-- Extracted information follows --

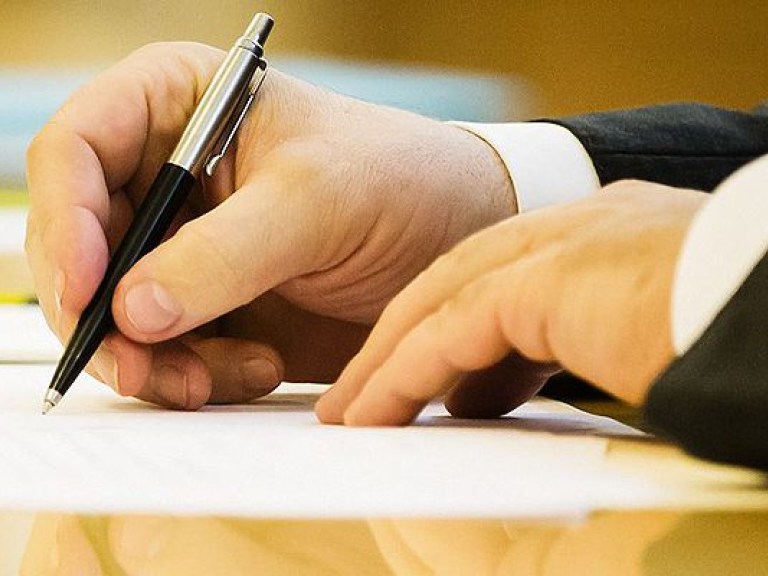 Порошенко подписал закон о реструктуризации задолженности теплокоммунэнерго и водоканалов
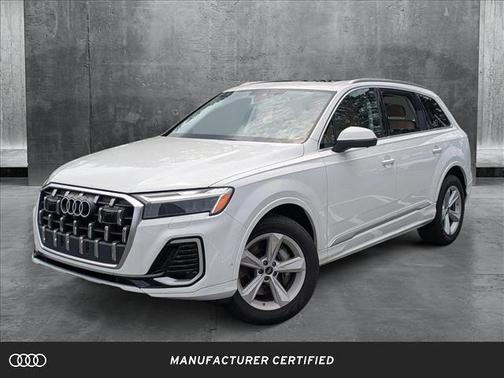 2025 Audi Q7 45 Premium
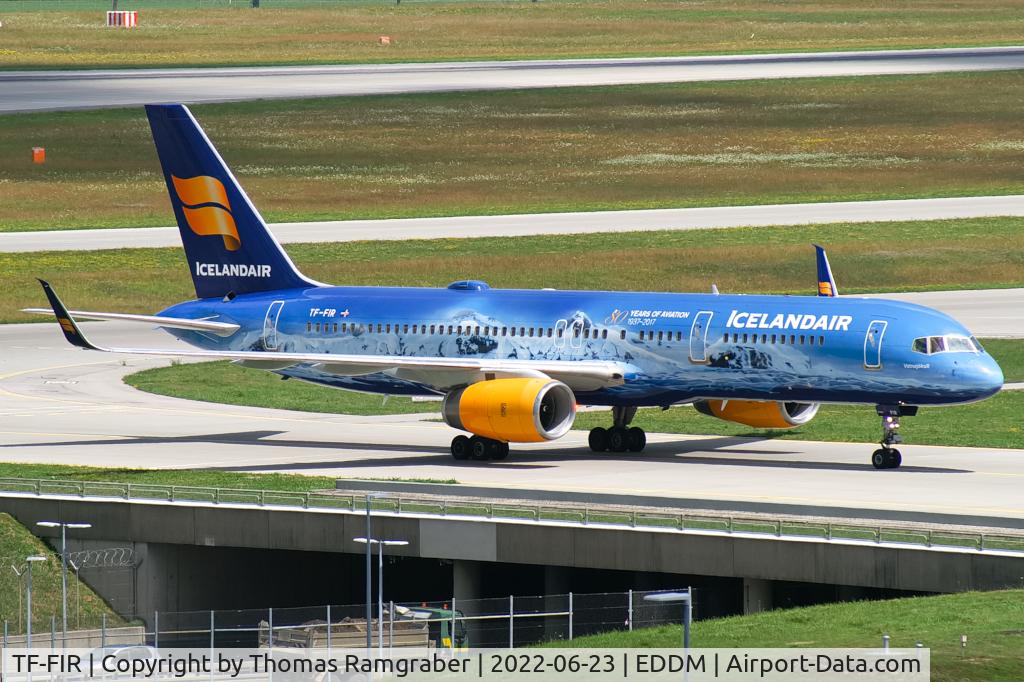 TF-FIR, 1994 Boeing 757-256 C/N 26242, Icelandair Boeing 757-200 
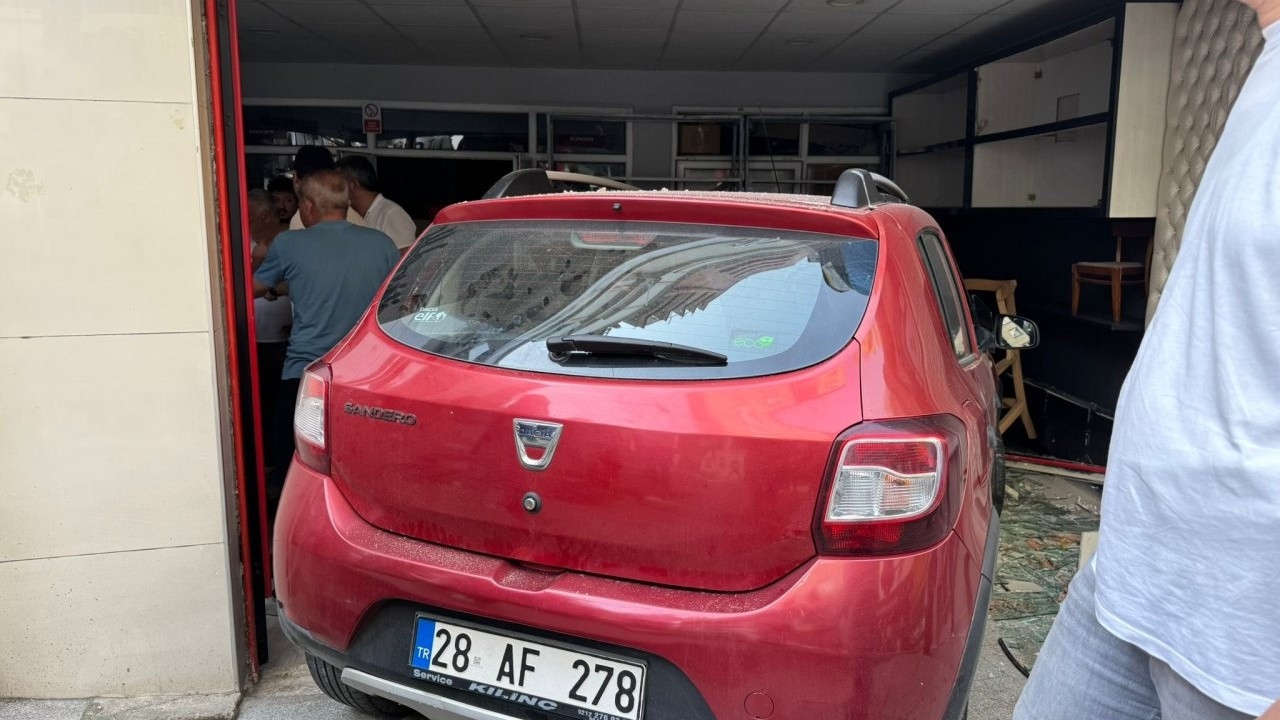Une conductrice a percuté un magasin, laissant une personne coincée sous le véhicule.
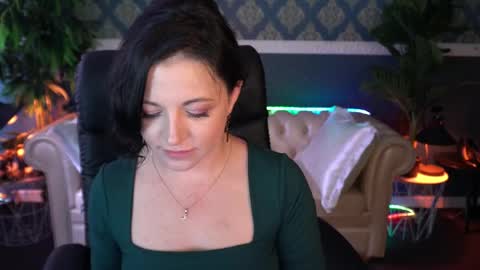 Dafni Mon online show from 05-04-26, 01:18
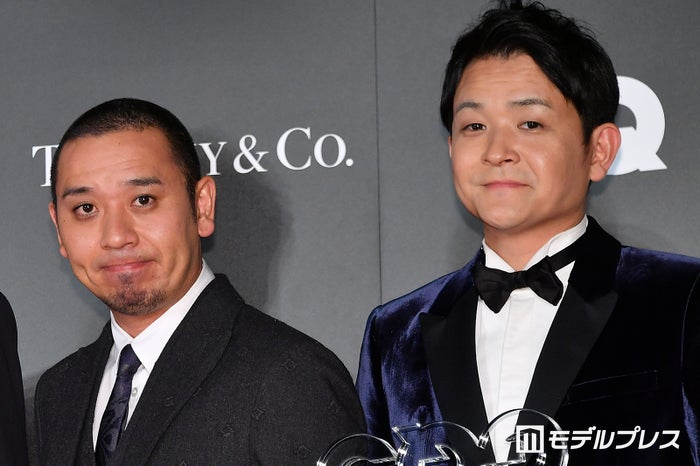 千鳥、勝負服を披露 芸人が1番かっこいい瞬間は「浅草キッドを歌った時」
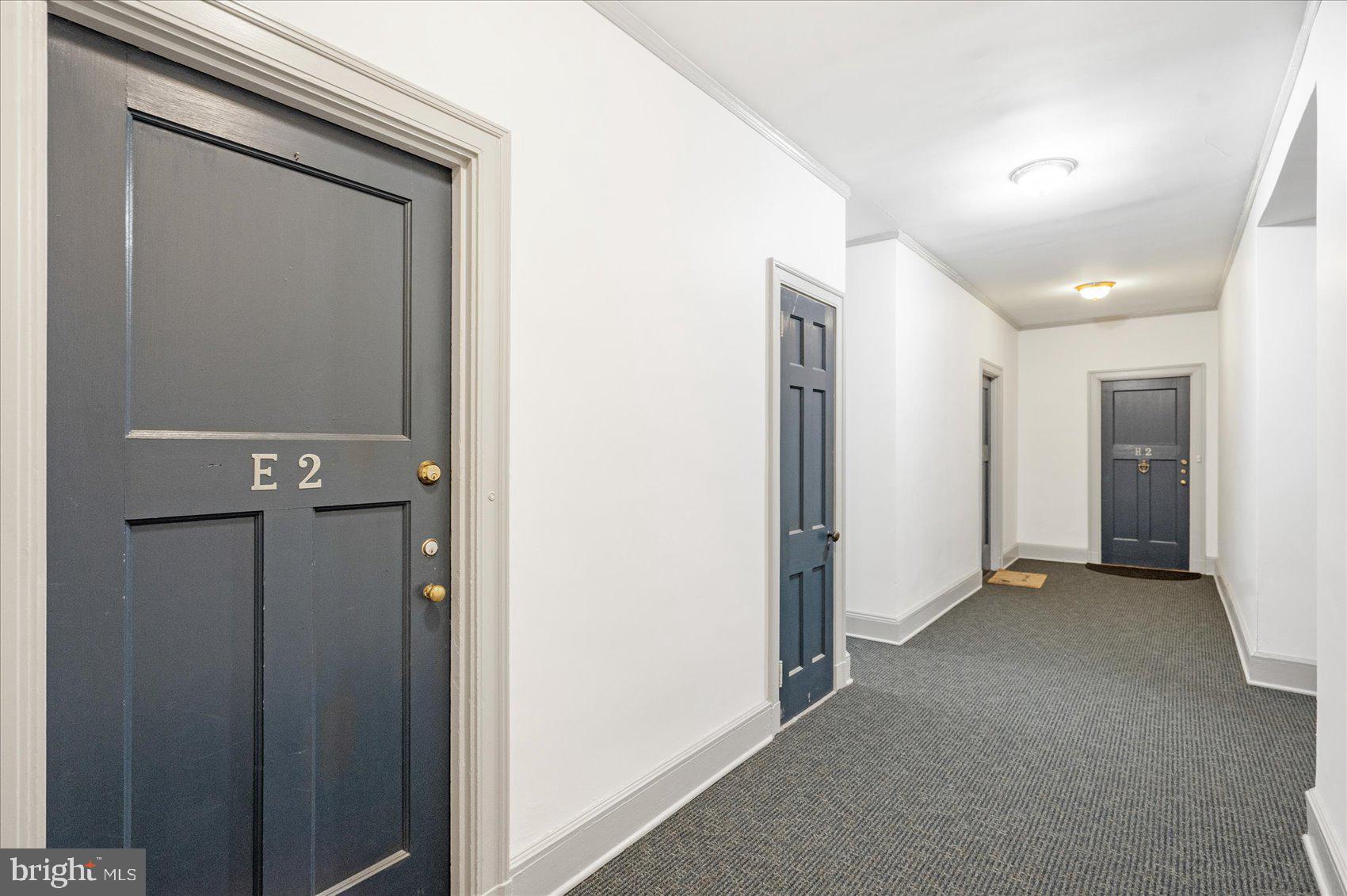 103 W 39TH STREET W E2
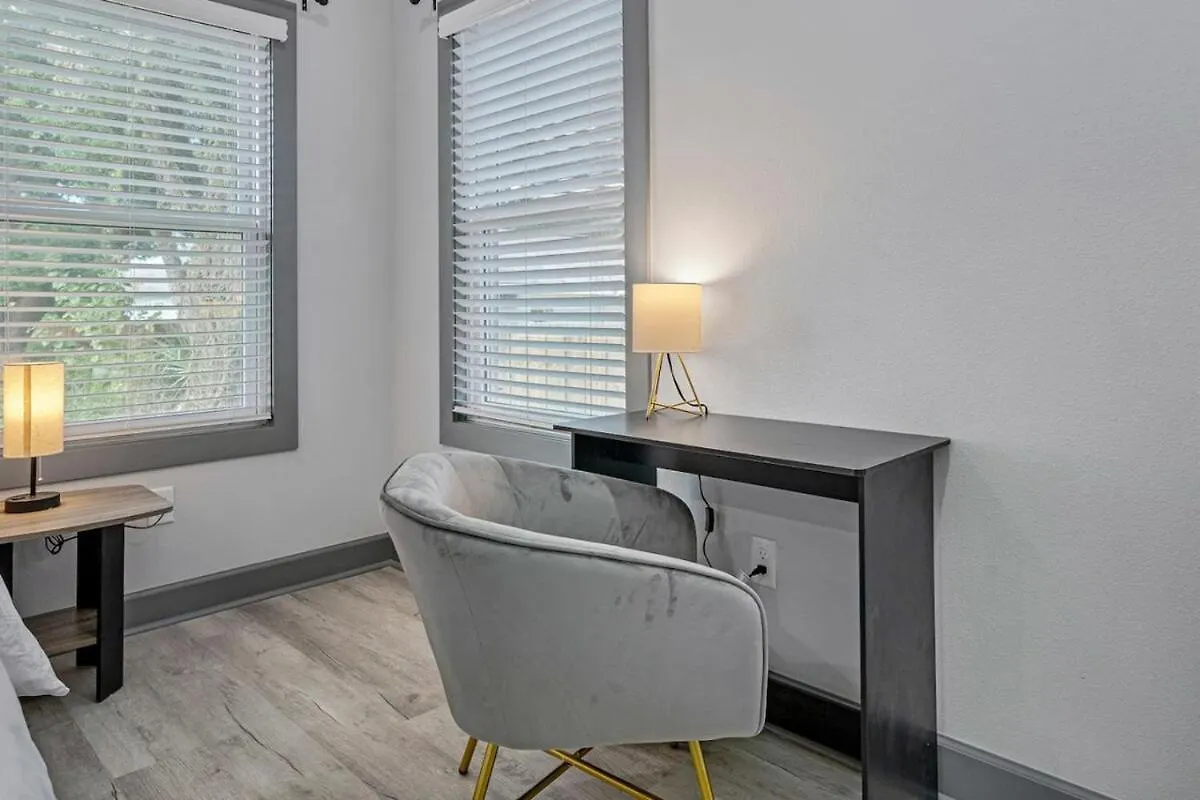 タンパ Sleeps 20! Luxe 6 Bdrm 4 Bth Duplex - Downtown Tpaヴィラ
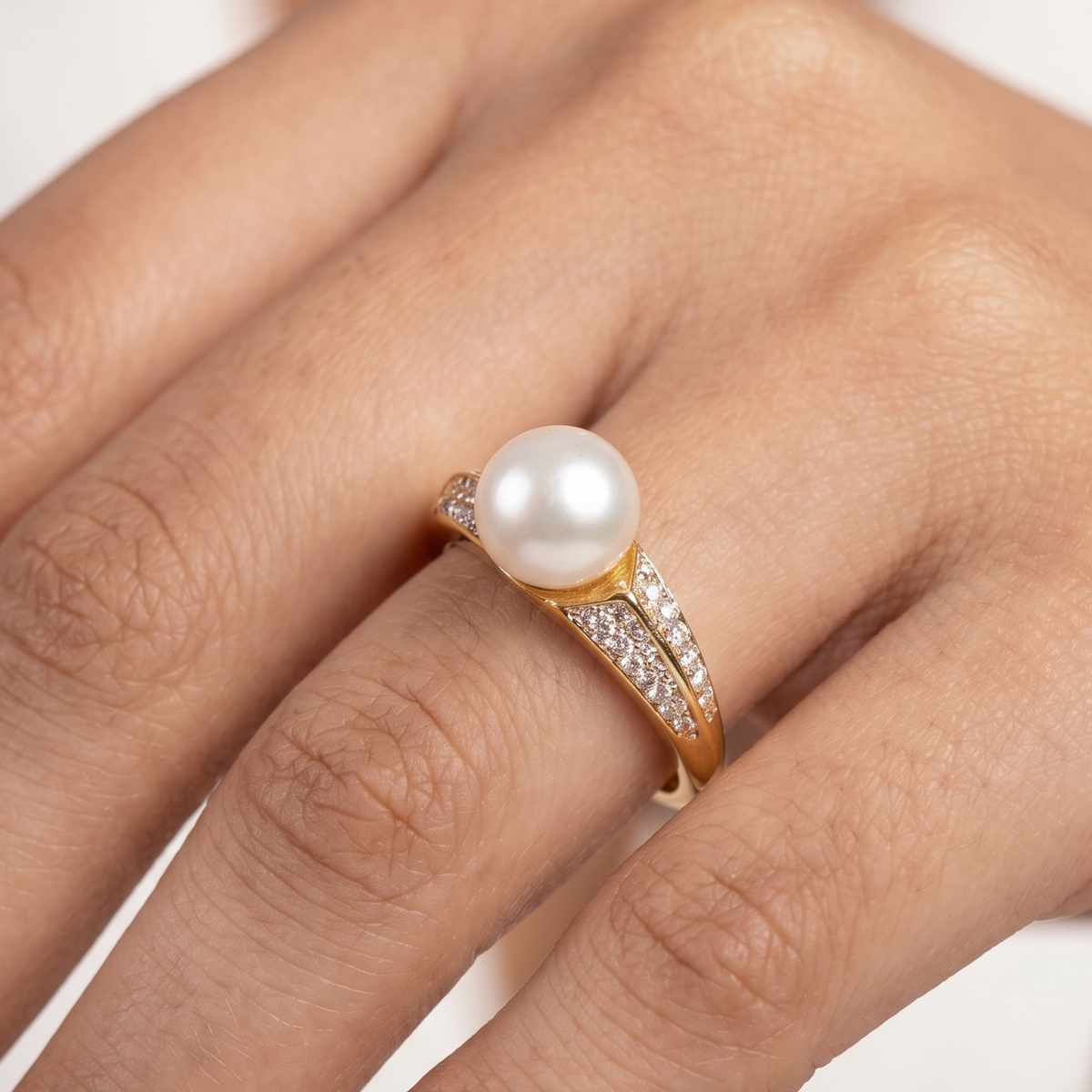 Pearl Diamond Ring - Gold & Silver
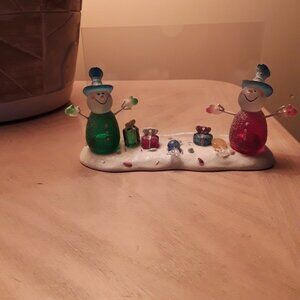 Snowpersons picture frame, festive for holiday pic, plastic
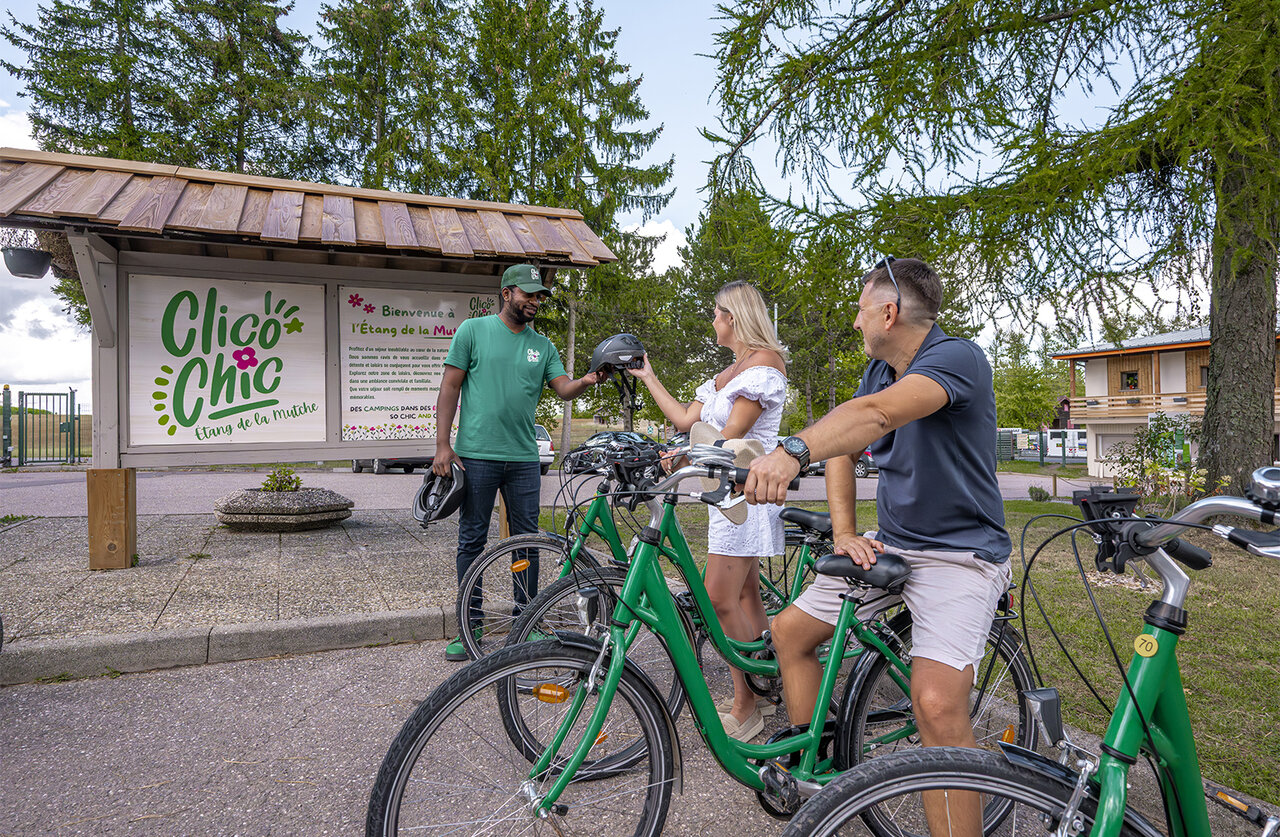 Alquiler de bicicletas y cascos, entrada camping CLICOCHIC Etang de la Mutche HARPRICH (57).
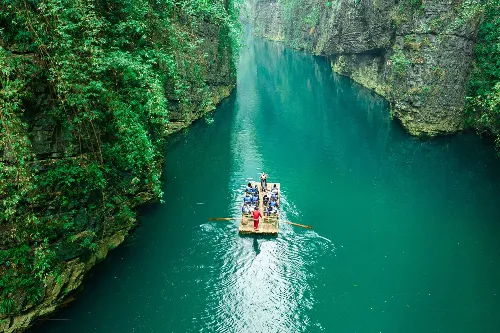 Singing on Bamboo Rafts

-- Extracted information concluded --

- Brief: Repeat the data exactly, dropping every picture it holds.

- Problem solution:
 Порошенко подписал закон о реструктуризации задолженности теплокоммунэнерго и водоканалов
 2025 Audi Q7 45 Premium
 TF-FIR, 1994 Boeing 757-256 C/N 26242, Icelandair Boeing 757-200 
Une conductrice a percuté un magasin, laissant une personne coincée sous le véhicule.
 Dafni Mon online show from 05-04-26, 01:18
 千鳥、勝負服を披露 芸人が1番かっこいい瞬間は「浅草キッドを歌った時」
 103 W 39TH STREET W E2
 タンパ Sleeps 20! Luxe 6 Bdrm 4 Bth Duplex - Downtown Tpaヴィラ
 Pearl Diamond Ring - Gold & Silver
 Snowpersons picture frame, festive for holiday pic, plastic
 Alquiler de bicicletas y cascos, entrada camping CLICOCHIC Etang de la Mutche HARPRICH (57).
 Singing on Bamboo Rafts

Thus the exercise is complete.